The experimental result of embodiment 3
Using β-actin as internal reference thing, above-mentioned circRNA is tested in peripheral blood with RT-PCR technology respectively
Card.PCR primer sequence such as table 1:
The RT-PCR primer list of table 1
Fold differences are calculated using 2- Δ Δ Ct methods, as a result such as table 2.

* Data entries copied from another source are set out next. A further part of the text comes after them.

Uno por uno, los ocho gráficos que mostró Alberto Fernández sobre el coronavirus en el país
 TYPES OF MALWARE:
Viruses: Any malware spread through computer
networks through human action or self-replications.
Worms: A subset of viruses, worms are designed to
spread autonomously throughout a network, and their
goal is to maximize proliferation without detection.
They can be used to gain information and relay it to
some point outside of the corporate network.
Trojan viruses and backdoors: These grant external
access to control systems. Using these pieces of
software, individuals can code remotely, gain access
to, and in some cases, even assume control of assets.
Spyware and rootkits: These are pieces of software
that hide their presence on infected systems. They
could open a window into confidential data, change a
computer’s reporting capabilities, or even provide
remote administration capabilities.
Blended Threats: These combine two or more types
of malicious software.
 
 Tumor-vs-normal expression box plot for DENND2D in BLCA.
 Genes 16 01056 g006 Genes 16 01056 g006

The circRNA the results of table 2
As a result show, compared to healthy population, in Down's syndrome patient, hsa_circRNA_103112 expression quantity
Can significantly it raise, there is obvious positively related relation for the two.
SEQUENCE LISTING
<110>No.181 Hospital, PLA
<120>Applications of the hsa_circRNA_103112 in the diagnosis, treatment and prognosis of Down syndrome
<130>
<160> 5
<170> PatentIn version 3.5
<210> 1
<211> 223
<212> DNA
<213> hsa_circRNA_103112
<400> 1
caccagcaga cgtttttgaa tcaactgaga gaaattacgg ggattaatga cacccagata 60
ctacagcaag ccttgaagga tagtaatgga aacttggaat tagcagtggc tttccttact 120
gcgaagaatg ctaagacccc tcagcaggag gagacaactt actaccaaac agcacttcct 180
ggcaatgata gatacatcag tgtgggaagc caagcagata caa 223
<210> 2
<211> 20
<212> DNA
<213>Artificial sequence
<400> 2
gtggccgagg actttgattg 20
<210> 3
<211> 23
<212> DNA
<213>Artificial sequence
<400> 3
cctgtaacaa cgcatctcat att 23
<210> 4
<211> 22
<212> DNA
<213>Artificial sequence
<400> 4
gcacttcctg gcaatgatag at 22
<210> 5
<211> 22
<212> DNA
<213>Artificial sequence
<400> 5
ggcttgctgt agtatctggg tg 22
Claims (8)
1. a kind of circular rna, its sequence are:
CACCAGCAGACGTTTTTGAATCAACTGAGAGAAATTACGGGGATTAATGACACCCAGATACTACAGCAAGCCT
TGAAGGATAGTAATGGAAACTTGGAATTAGCAGTGGCTTTCCTTACTGCGAAGAATGCTAAGACCCCTCAGCAGGAG
GAGACAACTTACTACCAAACAGCACTTCCTGGCAATGATAGATACATCAGTGTGGGAAGCCAAGCAGATACAA(SEQ
ID NO:1).
2. the circular rna described in claim 1 is as Down syndrome detection, treatment, the application of prognosis target spot.
3. a kind of Down syndrome detection kit, it is characterised in that test right requirement 1 can be quantified by containing in the kit
The reagent of described circular rna.
4. Down syndrome detection kit according to claim 3, it is characterised in that containing glimmering in real time in the kit
The primer sequence of circular rna described in the quantitative test right requirement 1 of light.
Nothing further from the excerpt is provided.